= WHAT YOU NEED TO DO =
Write the entries out again exactly; any picture among them gets left out.

*** THE RECORDS ***

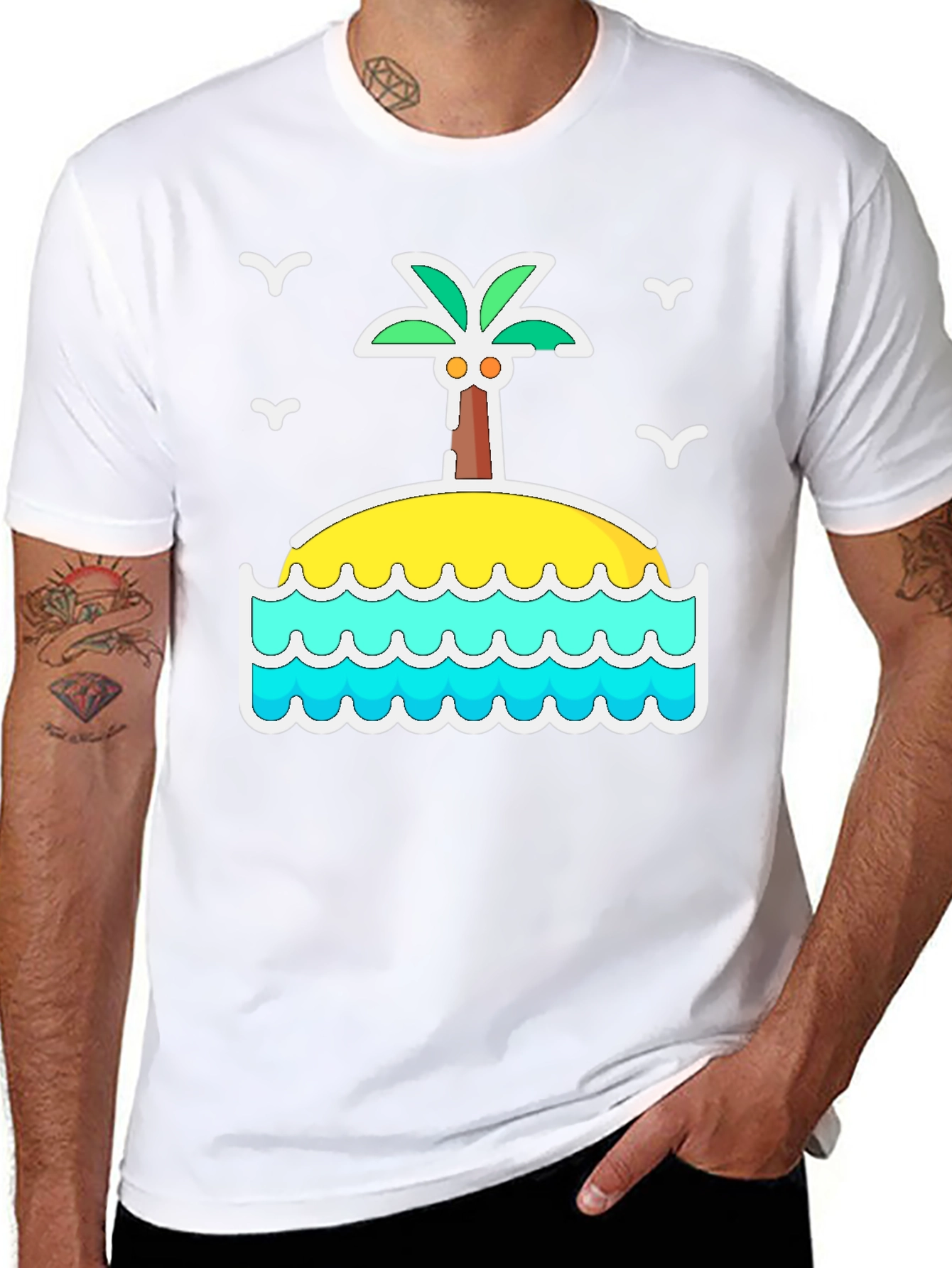 Island Palm Tree Graphic T-Shirt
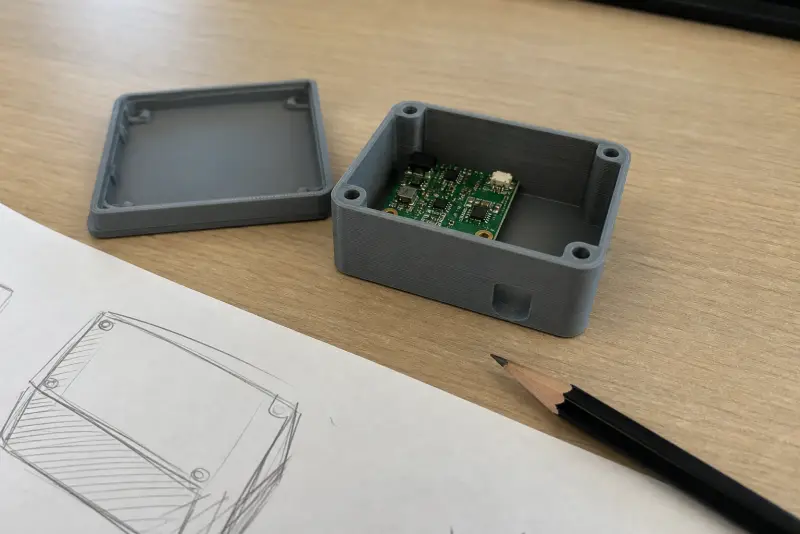 Grå 3D-printet prototype av en elektronikkboks med et kretskort, lokket og en blyantskisse ved siden av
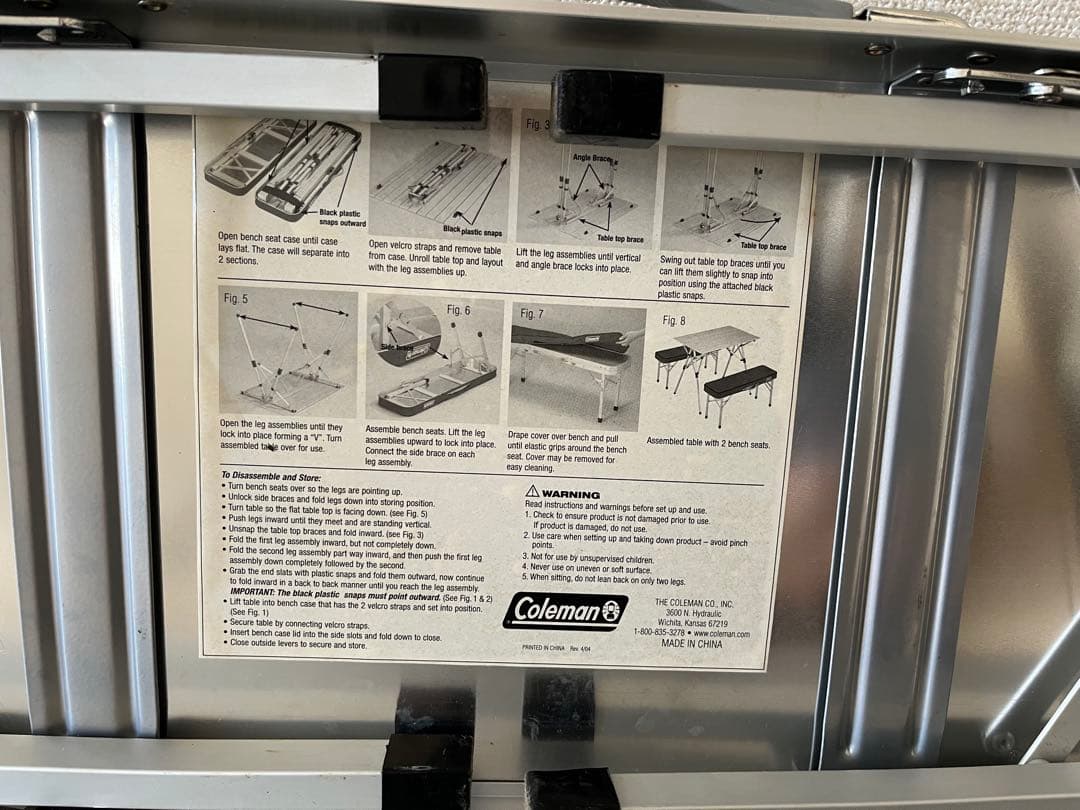 Coleman 折りたたみ式テーブル ベンチ　セット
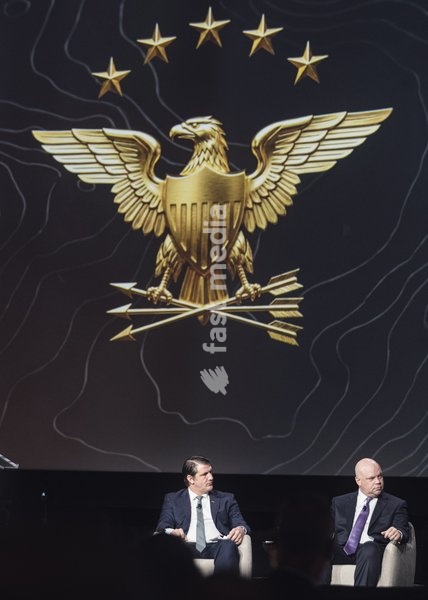 WASHINGTON, DC, OCTOBER 14: Secretary of War Pete Hegseth, Secretary of the Air Force Troy E. Meink, Acting Secretary of the Army Adam R. Telle, Acting Secretary of the Navy Hung Cao and Assistant Secretary of War for Special Operations and Low Intensity Conflict Derrick M. Anderson take part in…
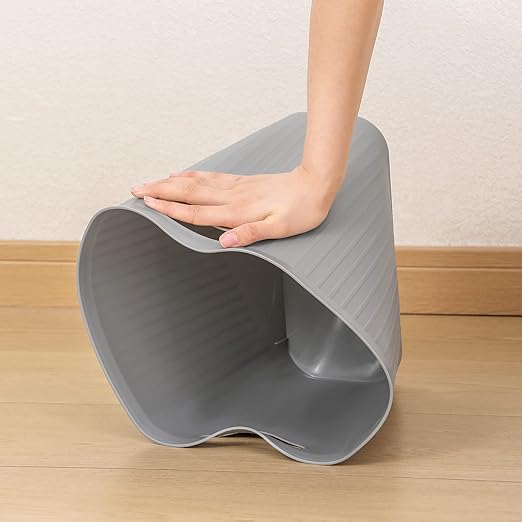 rejomiik Small Trash Can, 3.5 Gallon Garbage Can, Slim Waste Basket, Plastic Trash Bin Container with Handles for Bathroom, Bedroom, Home, Office, Dorm Room, Kitchen, Rectangular, Gray, 1 - Pack
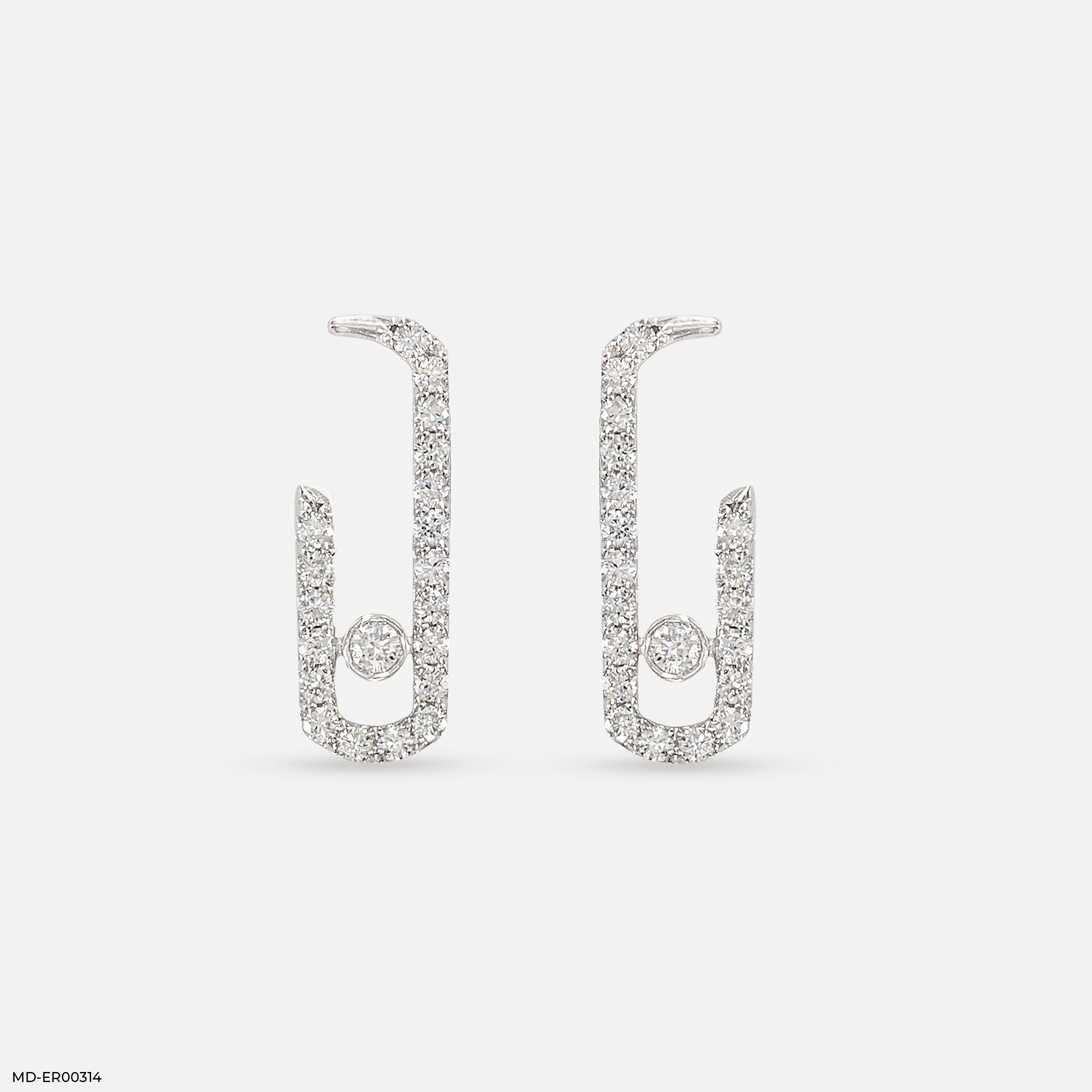 Diamond Pin Earrings 9K White Gold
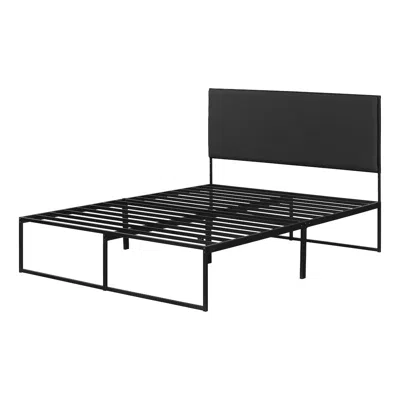 South Shore Furniture Mezzy Upholstered Metal Bed, Gray And Pure Black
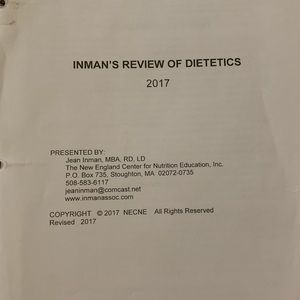 Jean Inman’s Review of Dietetics - RD Exam Study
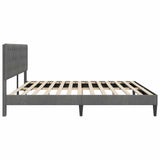 Bed Frame with Headboard Dark Grey 180 x 200 cm Velvet - 45-Degree Angle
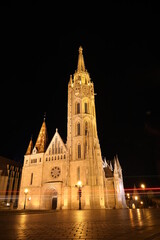 Fototapeta na wymiar church in the night with lights
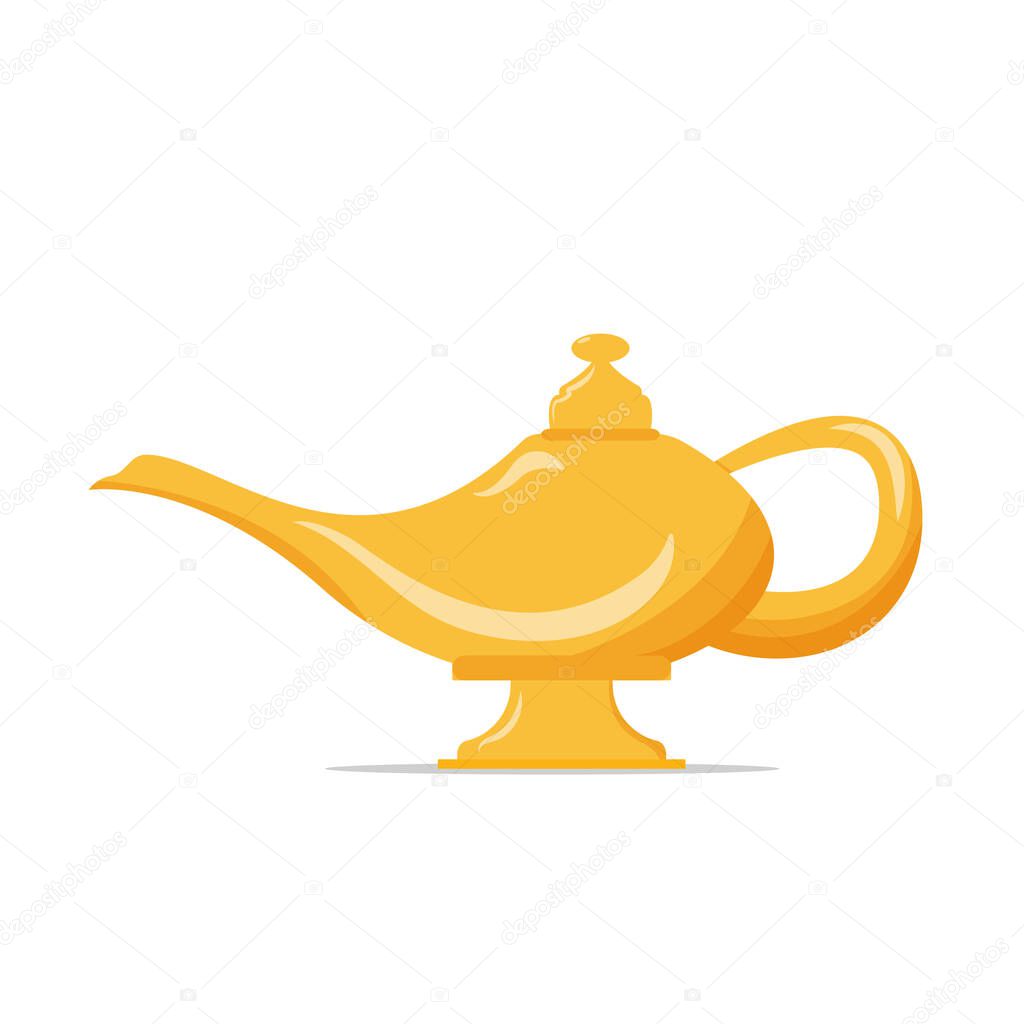 Illustration of gold genie lamp. Flat vector illustration isolated on white background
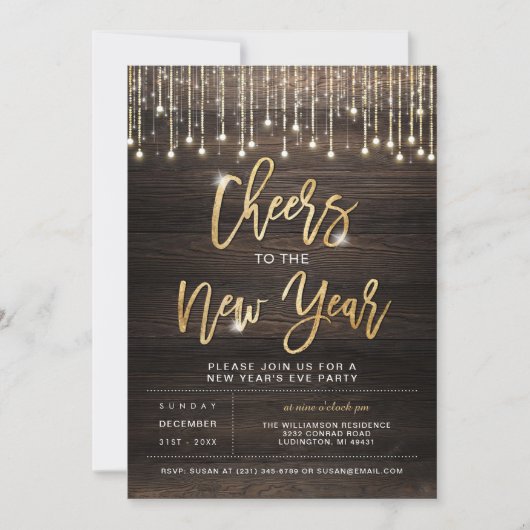 Rustique applaudit New Years Party Invitation (Devant)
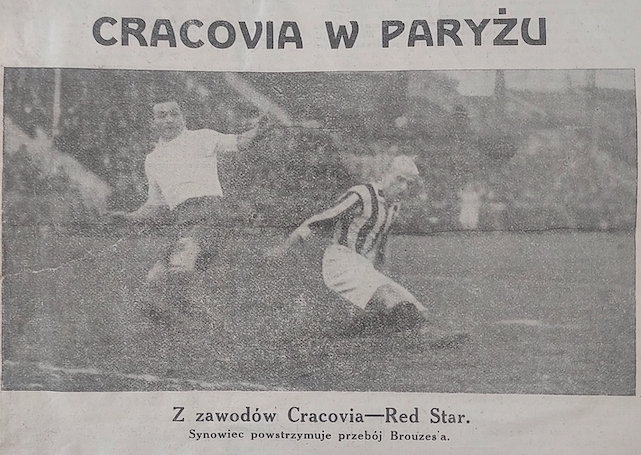 Fragment noworocznego meczu Cracovii rozegranego 1 stycznia 1923 r. w Paryżu.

*** End of THE RECORDS ***

= SOLUTION FOR THIS PROBLEM =
 Island Palm Tree Graphic T-Shirt
 Grå 3D-printet prototype av en elektronikkboks med et kretskort, lokket og en blyantskisse ved siden av
 Coleman 折りたたみ式テーブル ベンチ　セット
 WASHINGTON, DC, OCTOBER 14: Secretary of War Pete Hegseth, Secretary of the Air Force Troy E. Meink, Acting Secretary of the Army Adam R. Telle, Acting Secretary of the Navy Hung Cao and Assistant Secretary of War for Special Operations and Low Intensity Conflict Derrick M. Anderson take part in…
 rejomiik Small Trash Can, 3.5 Gallon Garbage Can, Slim Waste Basket, Plastic Trash Bin Container with Handles for Bathroom, Bedroom, Home, Office, Dorm Room, Kitchen, Rectangular, Gray, 1 - Pack
 Diamond Pin Earrings 9K White Gold
 South Shore Furniture Mezzy Upholstered Metal Bed, Gray And Pure Black
 Jean Inman’s Review of Dietetics - RD Exam Study
 Bed Frame with Headboard Dark Grey 180 x 200 cm Velvet - 45-Degree Angle
 Fototapeta na wymiar church in the night with lights
 Illustration of gold genie lamp. Flat vector illustration isolated on white background
 Rustique applaudit New Years Party Invitation (Devant)
 Fragment noworocznego meczu Cracovii rozegranego 1 stycznia 1923 r. w Paryżu.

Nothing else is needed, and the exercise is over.